Naturally, he practiced until he could do it perfectly. Then one night while he was playing poker with the boys, he bet that he could throw a card all the way up to the rooftop. They got their bets on, took a deck of cards downstairs to the corner, picked a card, and watched open-mouthed as Ty pitched it to the rooftop. Doing it once wasn't enough proof, so they had him repeat the trick two or three times, lost about $2,000 to him on the deal. Any time it looked like you had the nuts on Ty, don't worry, brother, you couldn't win!"

During the decades that the cowboy played poker on the road, he became friends with some of the most famous poker players in the world, men such as Robert Brooks, Harlan Dean, "Broomcorn" Herring, Blondie Forbes, Bobby Baldwin, Jesse Alto, Little Red Ashey and Amarillo Slim Preston. And the granddaddy of them all, Benny Binion.

Few people seem to remember that Binion played a key role in bringing the National Finals Rodeo to Las Vegas in 1986. For years it was held in Oklahoma City and Binion regularly transported a stagecoach with a matched team of horses from his ranch in Montana to the rodeo parade. "But then one year, the officials wouldn't let him enter his stagecoach," Cowboy said. "I don't know exactly why, but I think it might've been because it advertised gambling. Benny got so hot that he promised to pay the entry fees if they'd hold the rodeo in Vegas. Benny was the kind of guy whose friends could do no wrong and his enemies could do no right, it was that simple."

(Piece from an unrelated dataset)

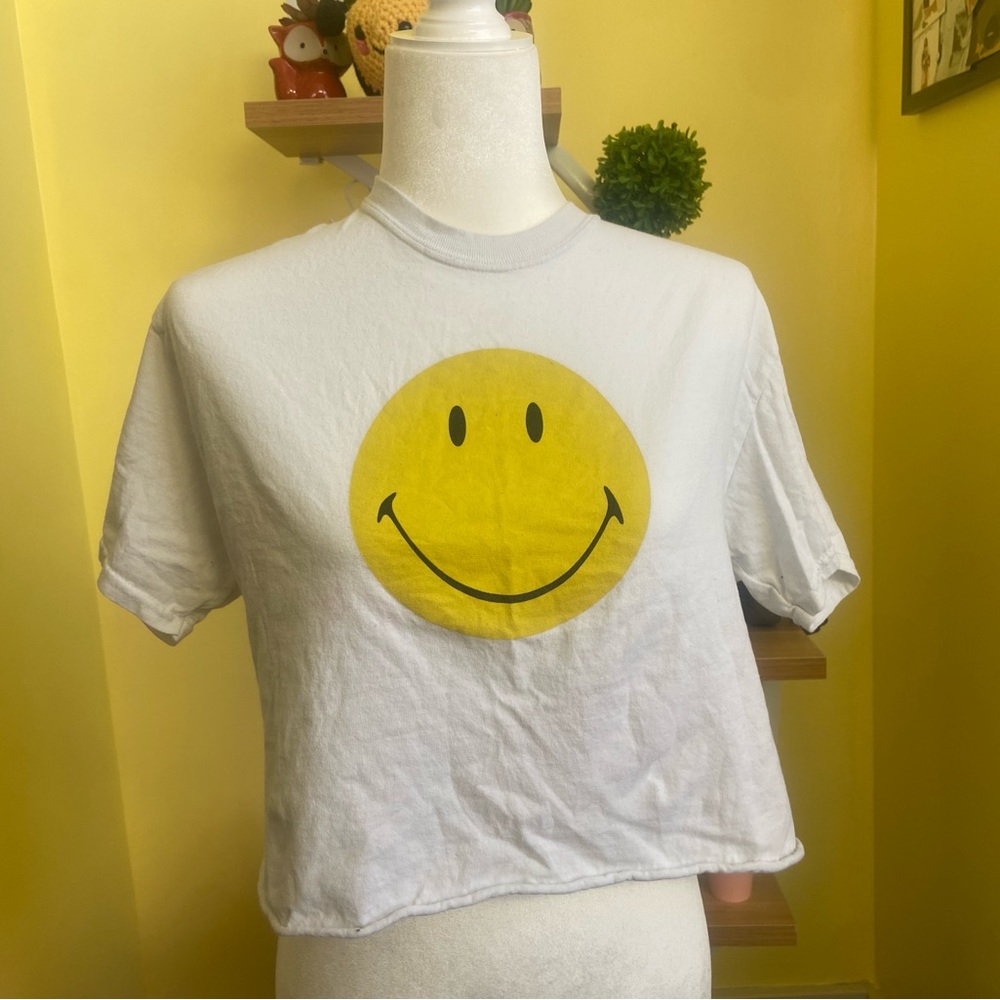 ORIGINAL SMILEYS WHITE CROPPED TOP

Jack Binion, the late patriarch's son, commented in his endorsement of Wolford's book, "He was quite a cowboy in his rodeo days and is still a top poker player. In fact, Cowboy is one of the last of the living legends of poker."

As though in answer to Jack, Wolford wrote in the book's closing comments, "I've always been a cowboy - a cowboy, a gambler and a hustler. I was a champion calf roper and probably could have been the best that ever was if I had roped as much as I played poker."

One thing's for sure - if there were a World Championship of Poker Writers, Cowboy Wolford would be at the final table giving the rest of 'em a run for their money.